Question

What is the approximate peak value of an alternating current producing four times the heat produced per second by a steady current of $2\;{\text{A}}$ in a resistor?
A. $2.8\;{\text{A}}$
B. $4.0\;{\text{A}}$
C. $5.6\;{\text{A}}$
D. $8.4\;{\text{A}}$

Answer 1

Hint : Root mean square value of current flowing through the circuit is twice the value of steady-state current flowing and the ratio of maximum current flowing through the circuit to the root mean square value of current flowing through the circuit is the square root of two. By using this data, the approximate peak value of alternate current flowing through the circuit can be calculated.

Useful formula:
The expression for finding the root mean square value of alternative current is
${I_{rms}} = 2 \times {I_s}$
Where ${I_{rms}}$ RMS value of alternate current and ${I_s}$is the value of steady state current.

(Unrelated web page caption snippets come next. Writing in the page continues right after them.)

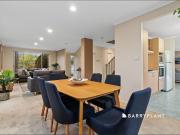 Welcome Home to Family Living in Narre Warren South!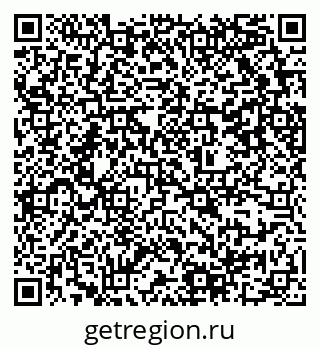 79637309626
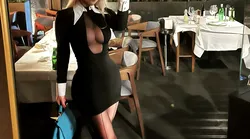 Galerie foto - Poza #4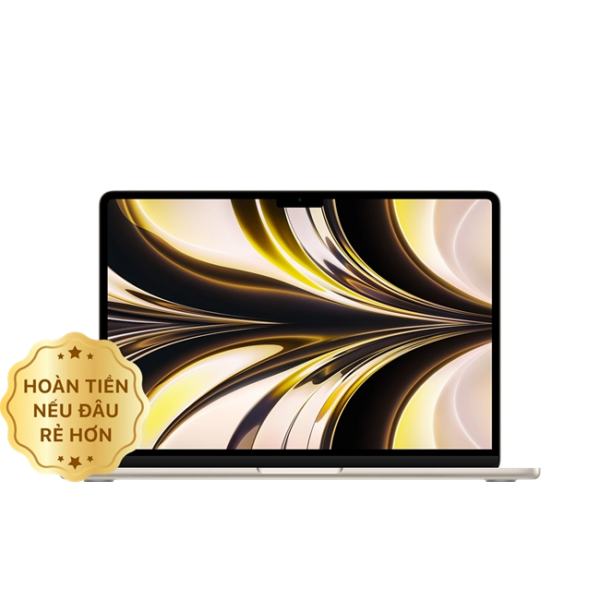 MacBook Air 13 inch ithan.vn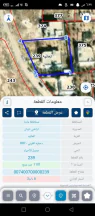 فيلا/منزل في للبيع ......بيت مستقل ع مساحه ارض  دنم و101 م . عل - 65,000 دأ - صورة NaN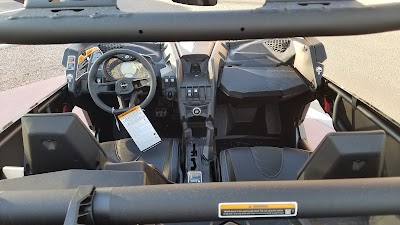 Photos of We Ride Powersports Mesa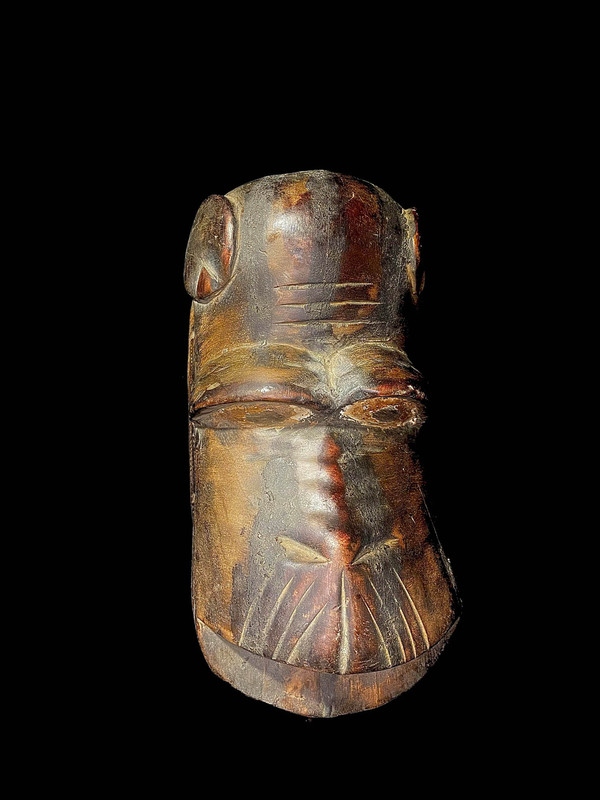 large image 6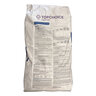 Topchoice Granular Insecticide 50 lb. (RUP)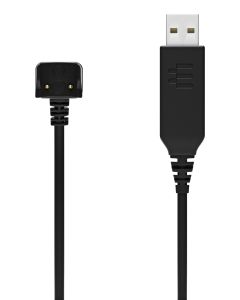 EPOS CH 10 USB Charge Only Cable USB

${I_{\max }} = \sqrt 2 \;{I_{rms}}$

${I_{\max }}$is the peak value of current flowing through the circuit.

Given data:
Steady state current in a resistor is ${I_s} = 2\;{\text{A}}$

Complete step-by-step solution:

The expression for finding the root mean square value of alternative current is
${I_{rms}} = 2 \times {I_s}$
Substitute all the values in the above equation.
$

{I_{rms}} = 2 \times 2;{\text{A}} \\
{I_{rms}} = 4;{\text{A}} \\
$

The expression for finding the peak value of current flowing through the resistor is:
${I_{\max }} = \sqrt 2 \;{I_{rms}}$
Substitute all the values in the above equation.
$

{I_{\max }} = \sqrt 2 ; \times 4;A \\
{I_{\max }} = 1.414; \times 4;A \\
{I_{\max }} = 5.6;{\text{A}} \\
; \\
$

Thus, the peak value of current flowing through the resistor is ${I_{\max }} = 5.6\;{\text{A}}$

Hence the option C is correct.

Note : The thermal energy developed in the resistor when the sinusoidal current passes through the resistor depends on the root mean square value of the current, resistance, and the time period. The thermal energy is produced in the negative and positive intervals of the current flow.